In other words, of what he saw even Frost Lighting probably will have had more or the same amount of in stock thus the flattery. Thanks, but not necessary. Let's just put it as lots of job security.

John gave me a sample of his adaptor. I gave it to someone that does side gigs and he was very impressed and thankful. More so, I also showed it to the person that designed our below Palm Lynx and Data Lynx, and he was very impressed both with the quality of materials and workmanship on Tool’s equipment, and abilities as a electronics person. Him being impressed is to say the least and very unusual for this person.


Ok, I don’t advertise who I work for. Personal choice, but when I’m home I am me not who I work for nor do I want them responsible for or linked to what I say. It’s a big business that’s very small and memories are long. I have enough problems stepping on my suppliers toes and don’t need more problems when not at work, or off time being tied to on time. If my own authority and respect is not enough weight for my words, the place I work for will not be enough either at best. Nor do I want where I work to seem any better than any other place to work, it’s simply where I have been for five years now, before that I was a Master Carpenter and a frequent free lance designer and tech person. That remains who I am when not worrying about reselling par cans that are not electrically safe much less any other work being done to them but going out the door “as is” as misunderstood to mean not show ready as implied. Different battles different places. As long as I’m implied to be responsible with the gear we sell or use electrically, the gear will be safe or I’m gone. Simple as that, my own responsibility. What everyone else does I cannot be responsible for thus do not want where I work liable for.

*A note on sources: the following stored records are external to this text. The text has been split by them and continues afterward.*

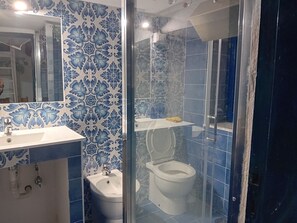 Shower, hair dryer, bidet, towels - Lovely Sea (Gaeta)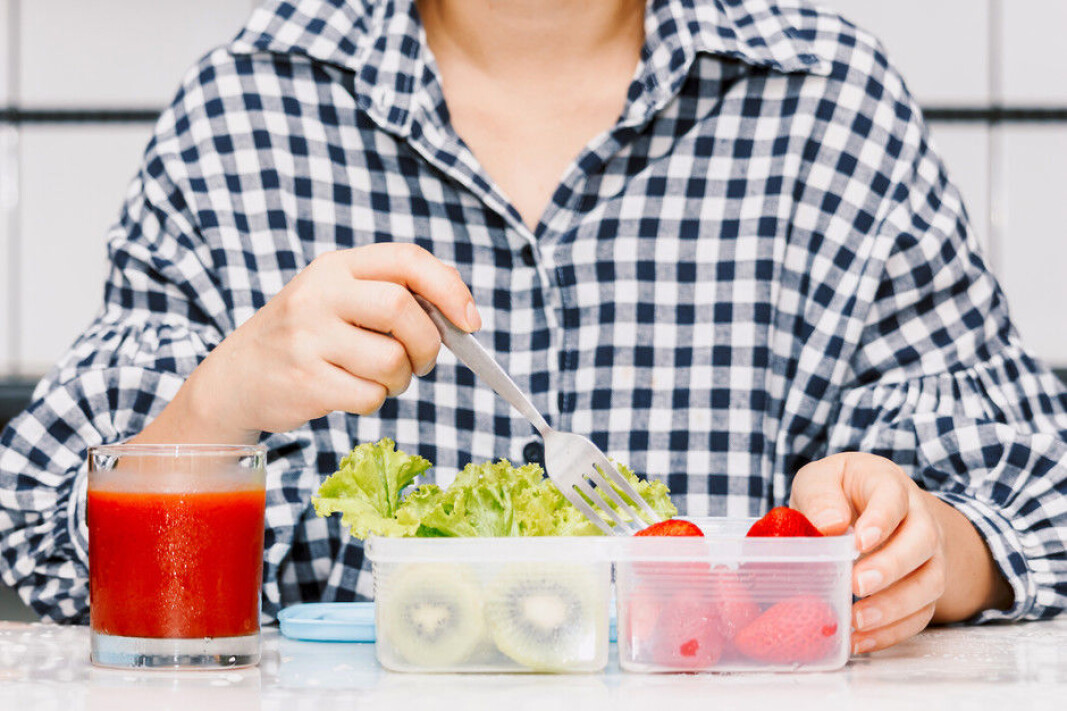 Women with higher education eat the most fruit, new research shows. The results are published in PLOS One. Women with higher education eat the most fruit, new research shows. The results are published in PLOS One.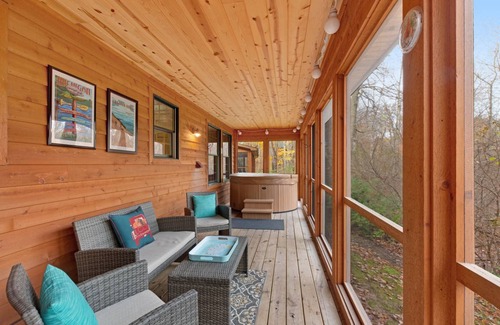 Saugatuck Cabin | 153 m² Cabin ∙ 3 bedrooms ∙ 8 guests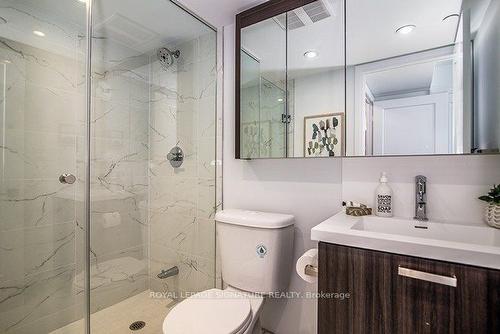 2109-18 Erskine Ave, Toronto, ON - Indoor Photo Showing Bathroom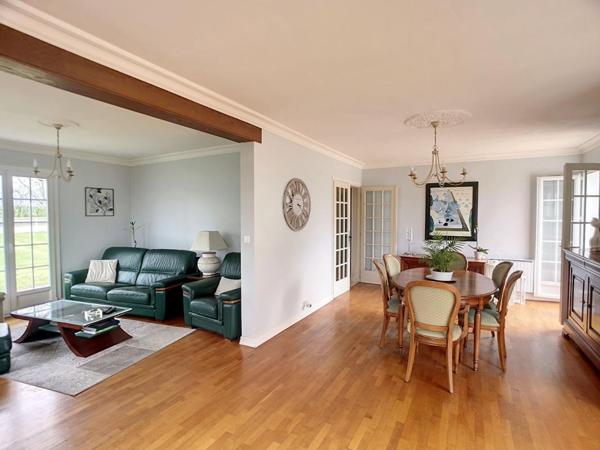 Appartement Cosne Cours Sur Loire 5 pièce(s) 155.80 m2
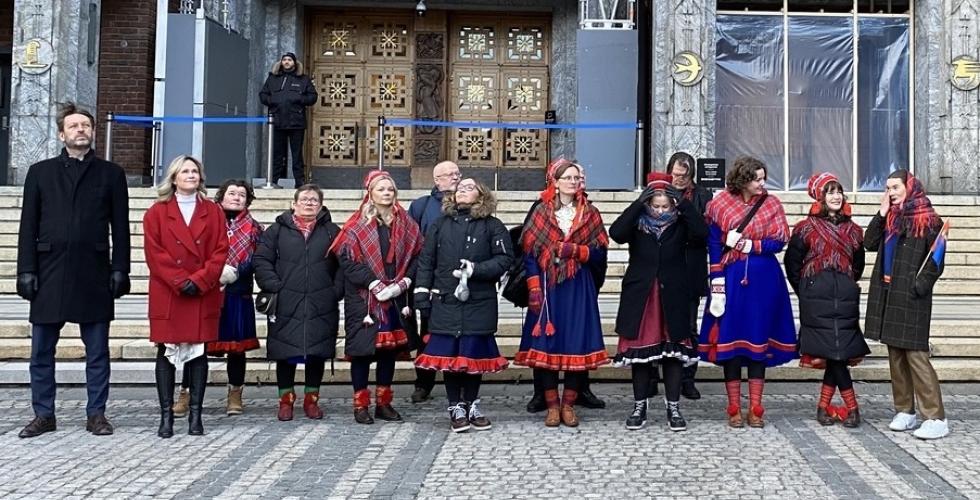 ordf&oslash;rer i oslo og samisk folk utenfor r&aring;dhuset.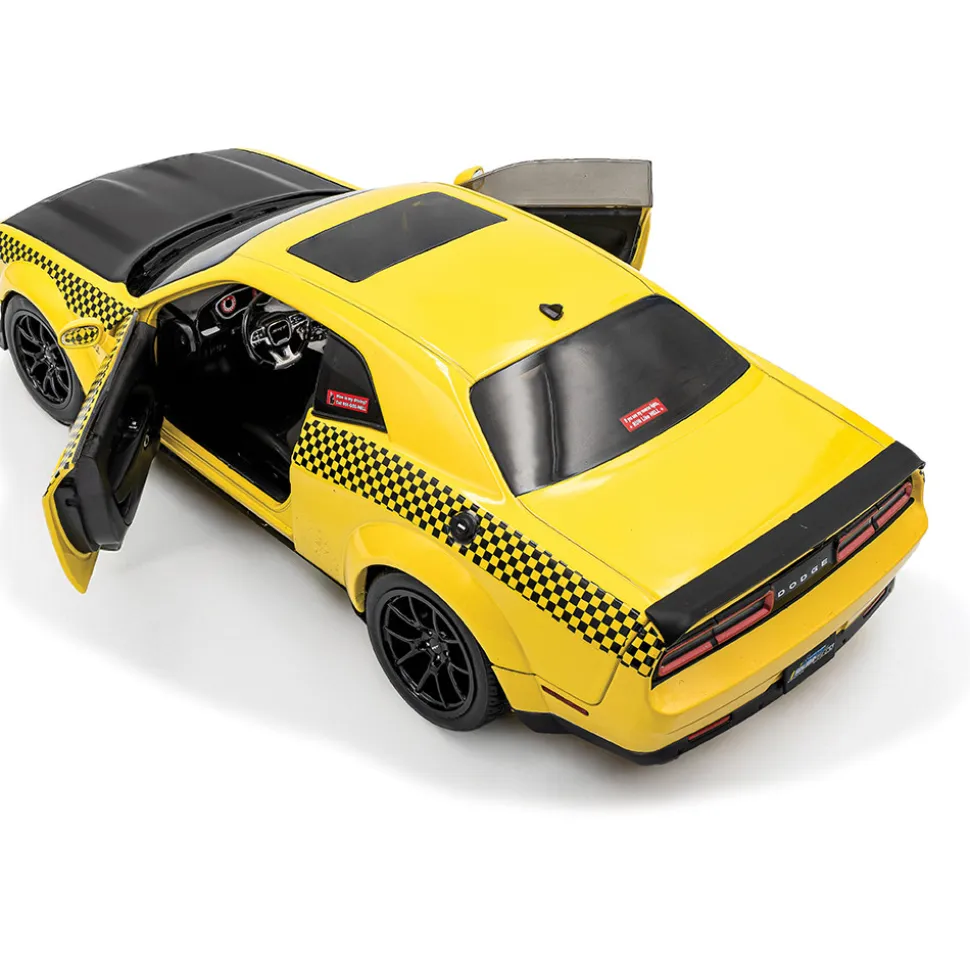 2023 Dodge Challenger SRT Hellcat Redeye Widebody - NYC Hellcab 1:18 Scale Diecast Model Car by Solido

Think I did tech in my first show 8th grade, in 1980 - “Pipie Longstocking”, since than I have very much lost count of how many shows I have designed, worked running crew for, worked on professionally or non-professionally, much less those from in school. Also I do not want to curtail what I write as being the official word instead of my opinion, nor the implied liability. Nor what I as an individual representing them as a whole because there are a whole lot of people working there. I supervise one part, there are many more people there who manage and work in different parts. As I said on another post, I blow up Mac 2K fixtures when I get near them. Assuming I have some usefulness, it’s certainly not on the money making part. Nor the sales part, I will not sell to those I help on line unless it’s something they cannot otherwise get. Ask who you can get a lamp from, where I work will not be on the list unless it’s part of a huge list of suppliers. That said, good. You temporarily know where I work, not that it’s a secret, now forget it because Dave will hopefully be removing that specific by request. 
My affiliation or standing where I work is not public knowledge though it’s not hidden either. I’m the #12 person on the contact list and under support staff heading. There I am... That’s a very broad non-specific title because I don’t have one. My boss is the Equipment Manager, I don’t have a specific title other than his assistant or as the lamp buyer as I have become known as. But I’m in a very good company that is many times larger than even the contact list and is one of the few that takes really good care of it’s employees in general. Given it’s also defendant upon their value and I’m about mid way to half up on the list. In other words, because I have a real desk of my own and it’s in the front office, I qualify for premium parking. This is a inner office joke I had to ask to verify. Given we were voted Entertainment Lighting Company of 2003 and one of the largest in the world, we were not last year nor I think the year before thus there are many similar compaies. I have a key role there, be it as it may, what I post is not linked to them - two different parts in my life. Never heard of them before I applied. That said... good we will get on with it.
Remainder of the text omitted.